:: Raw data ::

[Start of Attachment]

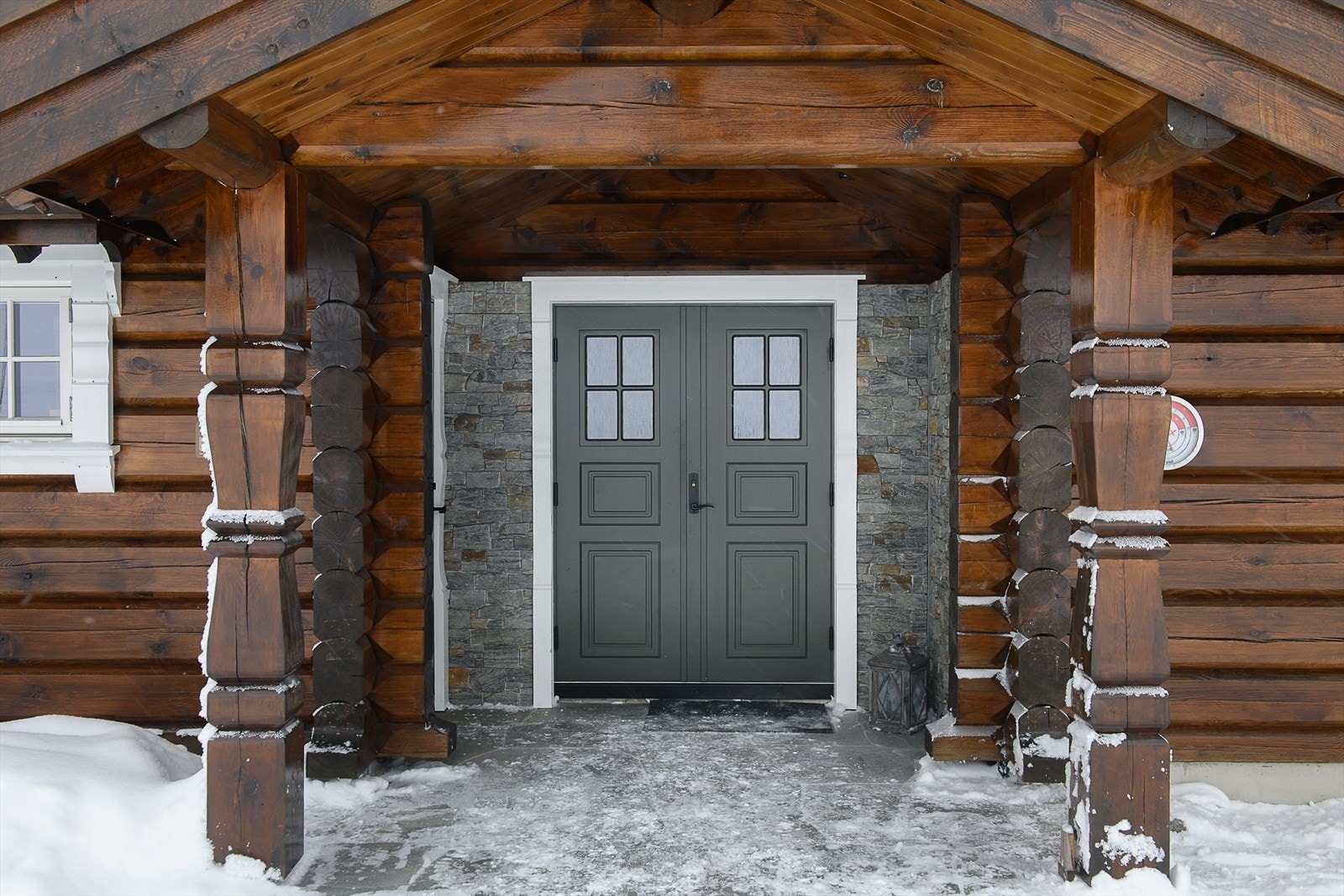 Den doble inngangsdøren og de kraftige søylene gir et solid og innbydende førsteinntrykk. Galleribilde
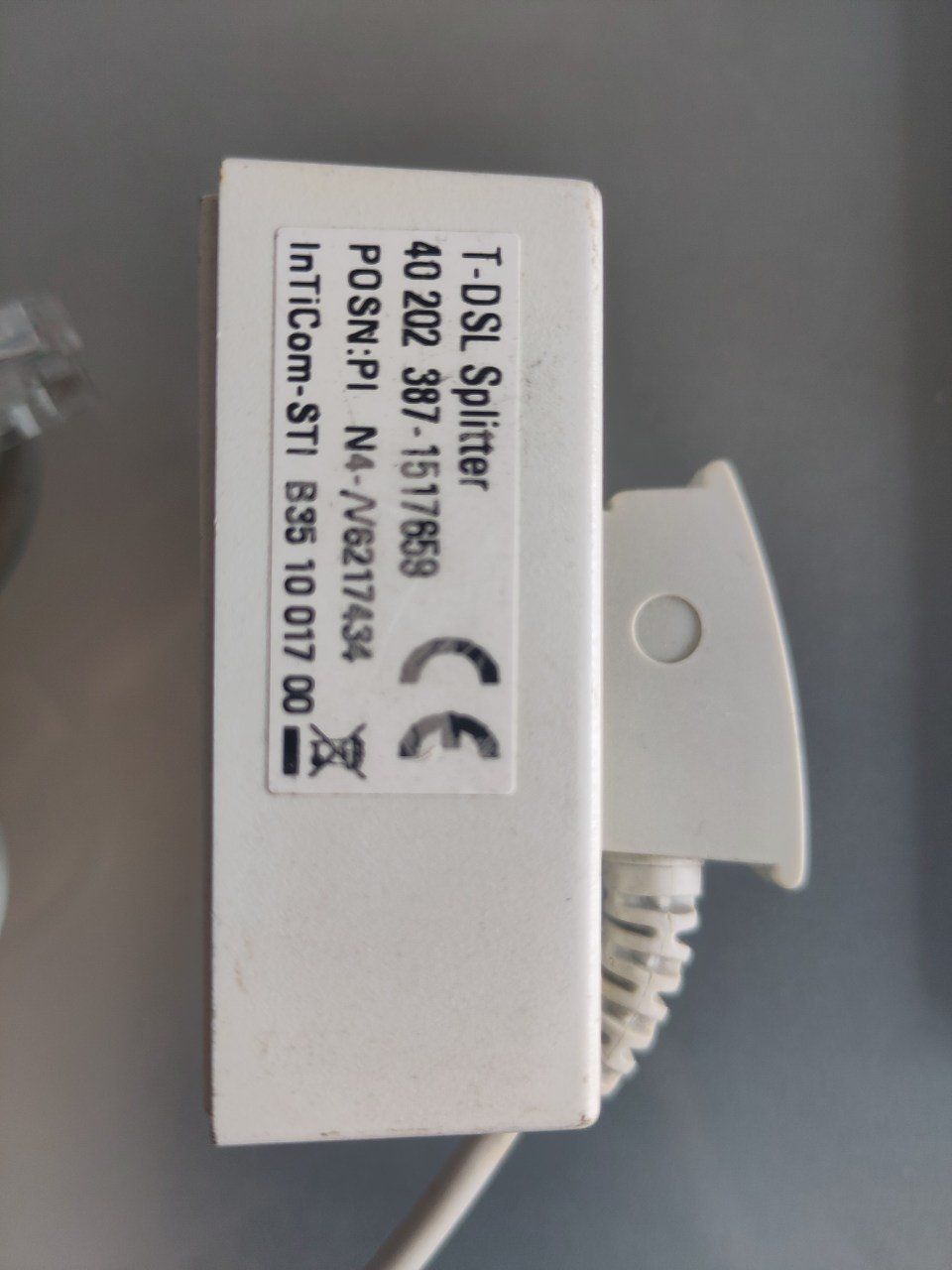 Câbles: T-DSL Splitter + DSL-Kabel – D'occasion à Baden par kenaborks111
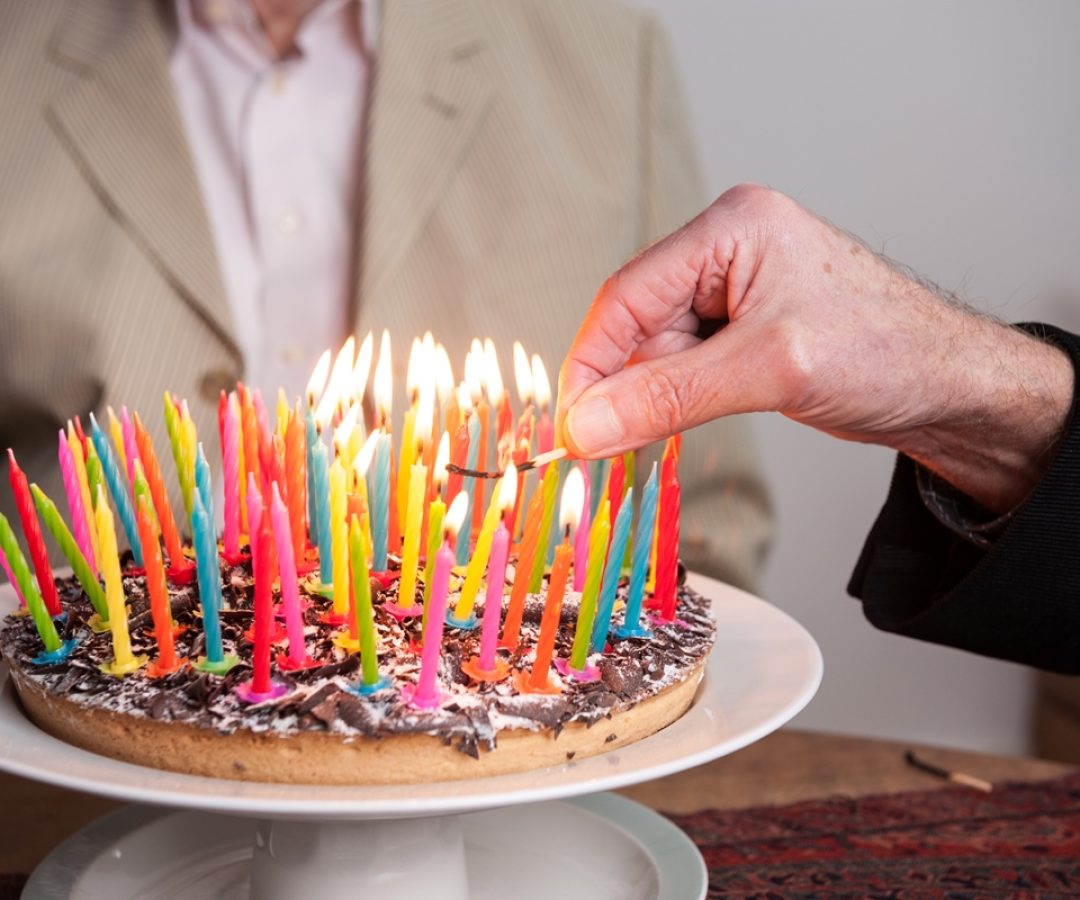 1 de 1 Foto de pessoa colocando velas coloridas em bolo - Metrópoles - Foto: Lucy Lambriex/ Gett...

[End of Attachment]

:: Action item ::
Except for the pictures, return every line of the material exactly.

:: Task solution ::
 Den doble inngangsdøren og de kraftige søylene gir et solid og innbydende førsteinntrykk. Galleribilde
 Câbles: T-DSL Splitter + DSL-Kabel – D'occasion à Baden par kenaborks111
 1 de 1 Foto de pessoa colocando velas coloridas em bolo - Metrópoles - Foto: Lucy Lambriex/ Gett...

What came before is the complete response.